**Task statement**
Below, some lines carry pictures; leave those pictures out and retype exactly the lines from the one with "Fertimo - Authentic" through the one with "Building Photo - 45 Tulip Ln".

**Recorded information**
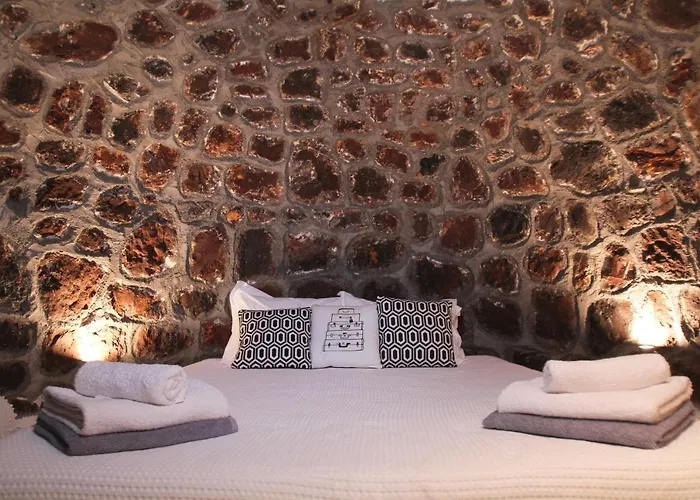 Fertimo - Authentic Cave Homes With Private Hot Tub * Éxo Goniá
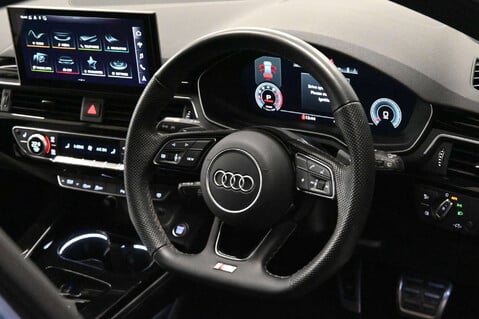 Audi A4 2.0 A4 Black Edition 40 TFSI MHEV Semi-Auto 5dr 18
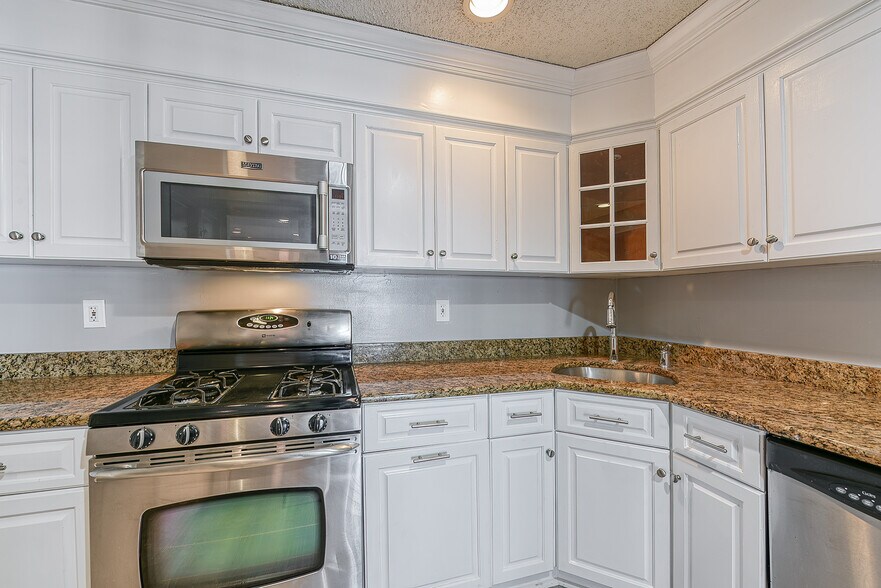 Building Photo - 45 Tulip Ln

...

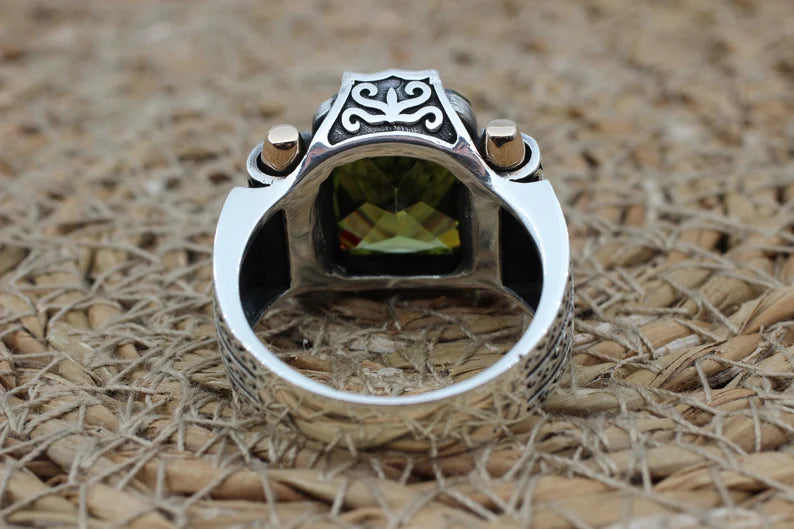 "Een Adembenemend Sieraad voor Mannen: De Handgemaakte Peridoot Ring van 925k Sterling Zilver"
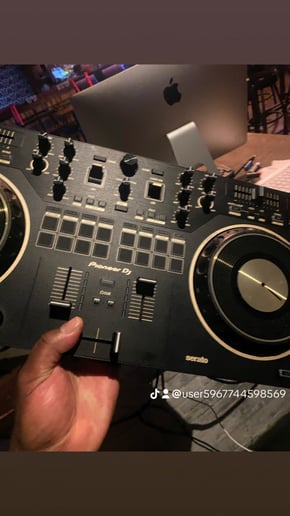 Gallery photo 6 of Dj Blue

* * *

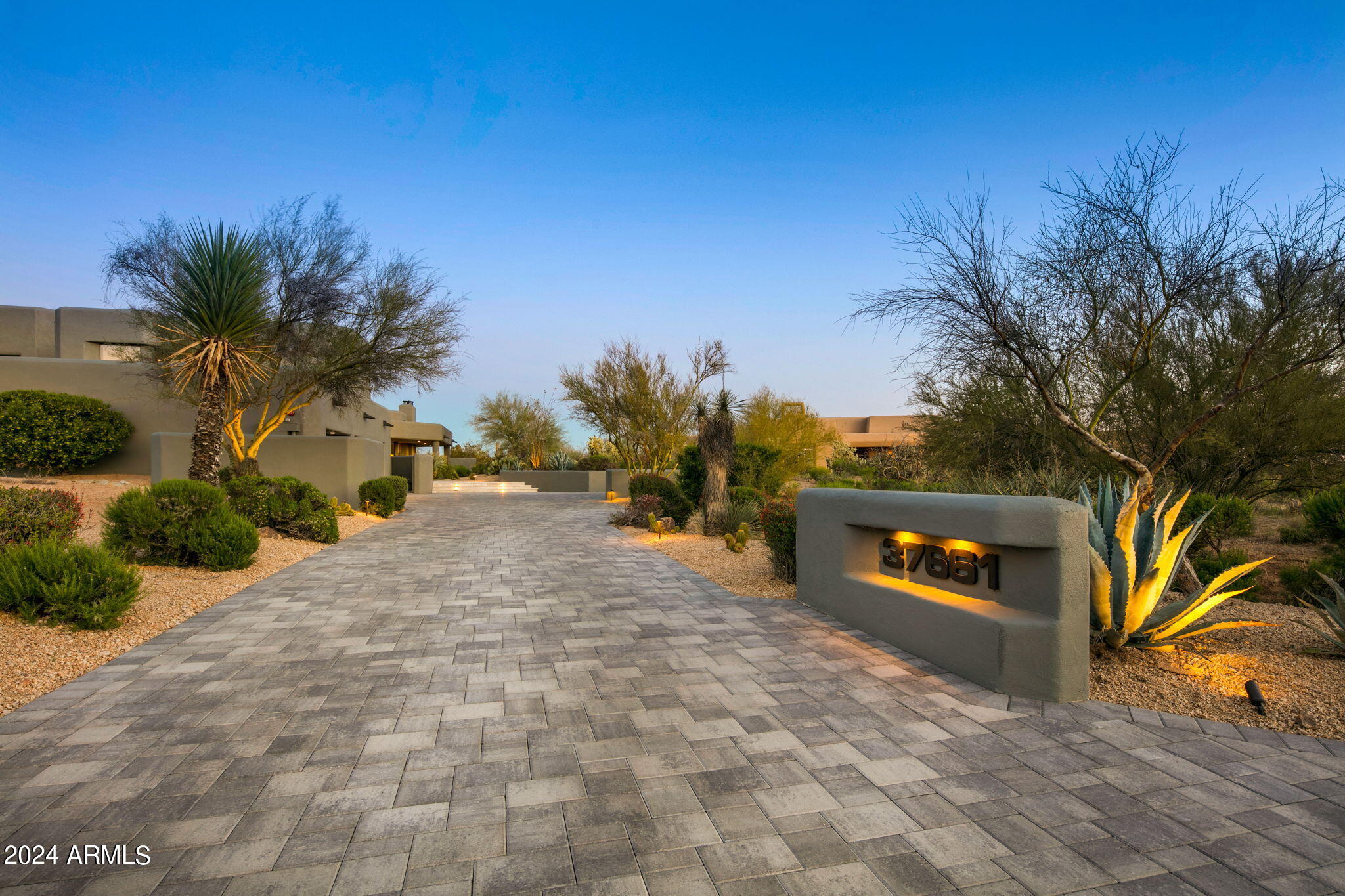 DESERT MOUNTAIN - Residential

**Task result**
 Fertimo - Authentic Cave Homes With Private Hot Tub * Éxo Goniá
 Audi A4 2.0 A4 Black Edition 40 TFSI MHEV Semi-Auto 5dr 18
 Building Photo - 45 Tulip Ln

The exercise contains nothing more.